(Stored entries)
┏━━
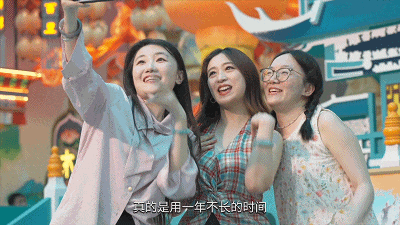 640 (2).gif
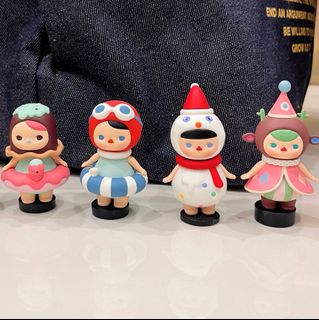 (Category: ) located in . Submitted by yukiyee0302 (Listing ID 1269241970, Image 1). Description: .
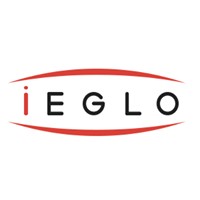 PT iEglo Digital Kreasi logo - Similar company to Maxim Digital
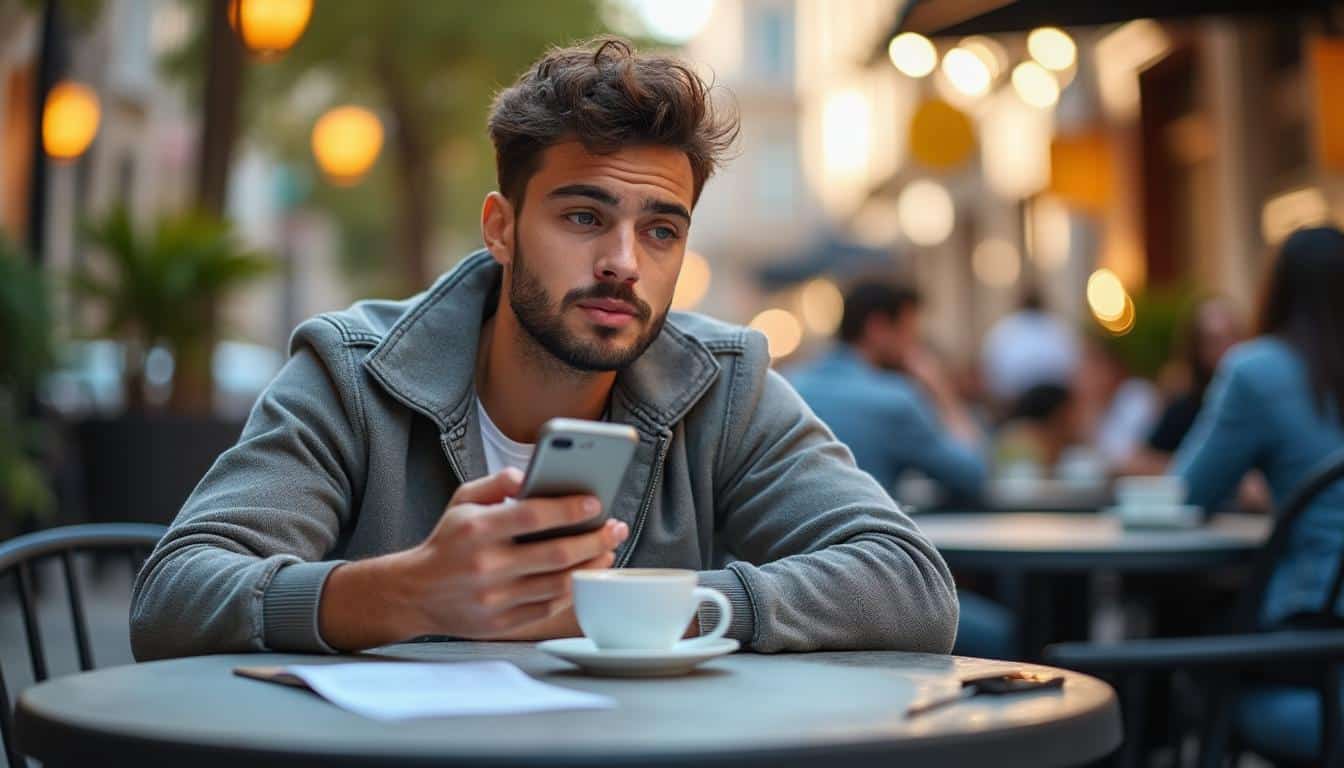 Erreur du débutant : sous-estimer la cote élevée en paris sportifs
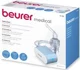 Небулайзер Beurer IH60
┗━━
**TASK ITEM**
Copy out only the lines from the one containing "Erreur du débutant" to the end of the entries, unchanged. Drop the pictures.

**RESULT FOR THIS EXERCISE**
 Erreur du débutant : sous-estimer la cote élevée en paris sportifs
 Небулайзер Beurer IH60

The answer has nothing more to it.